# Why you should know X-Men for memorizing



## Alex Gold (Mar 25, 2022)

So I was looking at the Speedsolving.com wiki site for Letter Pairs to find some good images for letters I was stuck in (Here's the link for anyone who wants to see it - https://www.speedsolving.com/wiki/index.php/List_of_letter_pairs ) . I scrolled down to the X section cuz of course I struggled with finding out words that start with X. Over there I saw that some of the letter pairs had X-Men characters associated with them - Such as Angel for XA or Beast for XB. That got me thinking that since there were a whole bunch of characters in the X-Men universe, there should be a lot of characters that could be good images for letter pairs. 

Here's a list of what I could come up with - 

XA -Angel
XB - Beast
XC - Cyclops
XD - Deadpool / Darwin 
XE -Erik Lehnsherr (Magneto)
XF- Emma Frost 
XG- Gambit
XH- Hank McCoy (Beast)
XI- Iceman
XJ- Jubilee
XK- Kitty Pryde
XL- Logan (Wolverine)
XM- Mystique/ Magneto
XN- Nightcrawler
XO- Ororo Munroe (Storm)
XP- Phoenix
XQ- Quicksilver
XR- Rogue
XS- Storm
XT- Toad 
XU- Unus the Untouchable 
XV- Professor XaVier
XW- Wolverine

I did some strange things so that every letter pair has an X-Men character assigned to it. I know some of them are the same character such as XL for Logan and XW for Wolverine, but I think that if you imagine XL being the character without his superpowers and XW with his superpowers that might help. It can be a bit confusing though. I understand. Also, yeah Deadpool isn't technically part of the X-Men I know, but he's like basically an X-man from what I've researched (I haven't read the comics though so don't quote me on that). But I also included Darwin for XD if Deadpool won't work for you because Deadpool isn't an X-Man but Darwin is. It's just that Darwin isn't as well known as Deadpool. 

Some of them are enemies of the X-Men and not X-Men themselves but I think they count if they are in the X-Men universe. 

XV is Xavier because of the X and the V in the name of course though it's different from the rest of the characters so it might be a bit hard to remember. Also yeah XU is a character that no one knows about because I couldn't find any well known X-Men characters that start with U.

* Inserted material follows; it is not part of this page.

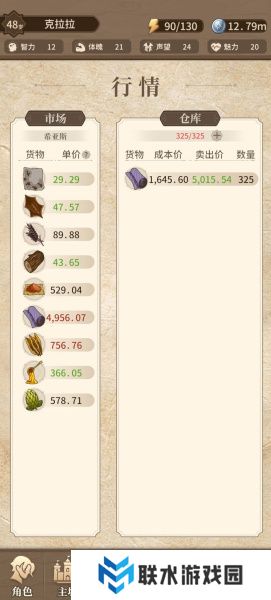 《纷争法则：大贸险》哪个商品最赚钱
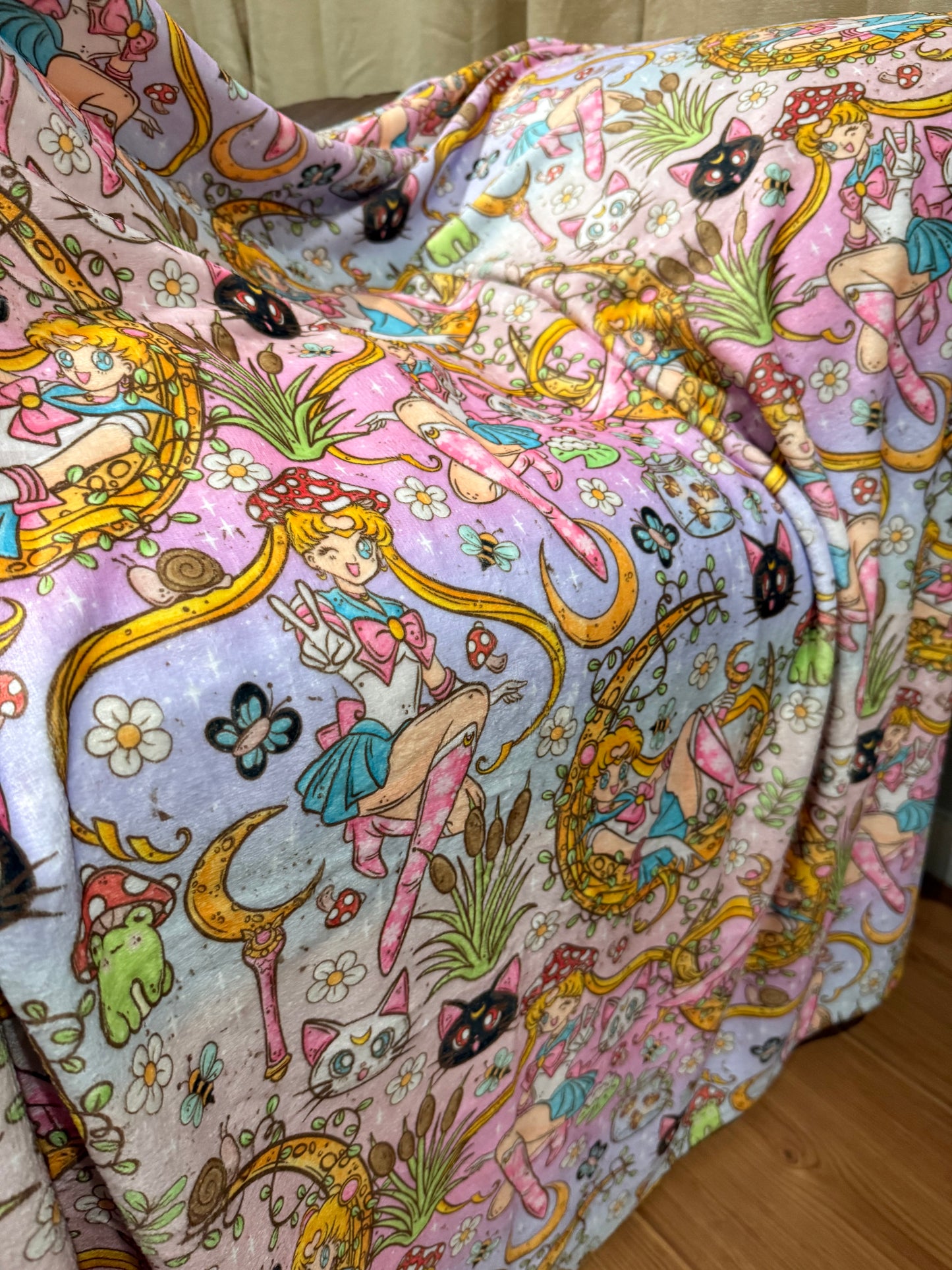 Sailor moon blanket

Or you could skip the X and just go from W to Y.


----------



## abunickabhi (Jun 29, 2022)

Good job with getting creative with the X starting letter pairs.

I have gotten creative with the letter X as well, as I have associated a lot of letter quads starting with X or having X in between with fictional characters with X-men fandom being a subset of it.

I think W and Y are worse. You can stick with what you have associated for the letter X for your BLD letter pair memo system.


----------



## Mike Hughey (Jun 29, 2022)

I've had Professor XaVier for XV since 2007/2008. But yeah, this is a good idea. It's nice that most of them fit in two syllables, but I have been trying to stick to a single syllable as much as possible so my images match my audio memory. But maybe it's still doable with some creativity. "Feen" for Phoenix, "Quick" for Quicksilver, etc. Most are odd enough that they don't clash with other single syllables I have. Some of my current X's are some of my worst images; I may borrow some (or maybe even all) of these.


----------